The commission’s finance staff presented a final new-growth figure used when the tax rate was set in December and walked members through likely sources of incremental value. Jeff, finance staff in the manager’s office, identified four principal prospects for captured growth: FM Global’s site work, a potential Moderna-related capture, and two planned residential subdivisions — one 16-unit and one 8-unit. Jeff said FM Global could account for the largest share and that the town should conservatively expect to capture about 50% of that firm’s reported growth in the next assessment cycle.
Why it matters: new-growth figures feed the town’s property-tax base and set part of the operating budget baseline. Commissioners emphasized caution because Department of Revenue (DOR) valuation rules can change the final captured amount and because residential subdivisions and large commercial developments remain partly speculative.
Jeff told the commission that the new-growth number reported when the tax rate was set is final for the tax-rate calculation but that DOR will ultimately validate the increments. He and other members discussed how demolition of older buildings and construction of new structures are treated: new growth equals the net increase in assessed value after accounting for removed/repurposed structures. The group noted that if FM Global’s construction is validated at a high value, the town’s $900,000 budgeting target could prove conservative.

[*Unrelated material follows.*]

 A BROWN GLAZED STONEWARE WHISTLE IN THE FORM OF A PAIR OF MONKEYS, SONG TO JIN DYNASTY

Commissioners also reviewed local receipts line by line. Jeff proposed modest increases for meals tax and room excise tax based on a three‑year trend, recommended a slight uptick in motor‑vehicle excise, and proposed conservative assumptions for ambulance revenue and fines. For investment income, staff modeled a $50,000,000 average cash balance earning roughly 3% across the year; commissioners flagged uncertainty in that projection and asked for follow-up with the treasurer.
State aid remains the largest open variable. The commission noted the governor’s budget was due the week after the meeting and that current consensus revenue forecasts suggested only modest statewide increases; as a result, the commission treated state aid as uncertain and retained conservative placeholders in the FY26 projections.
Action at the start of the meeting: the commission approved minutes from its Nov. 21 meeting. That motion passed unanimously on a voice vote; one member, Eric Fleming, arrived late and did not vote on the minutes.
Looking ahead, staff will continue to monitor DOR valuation determinations for the large commercial prospects and update commissioners as new information arrives. The Finance Commission reiterated a preference for conservative revenue assumptions while continuing liaison discussions with assessors and the treasurer.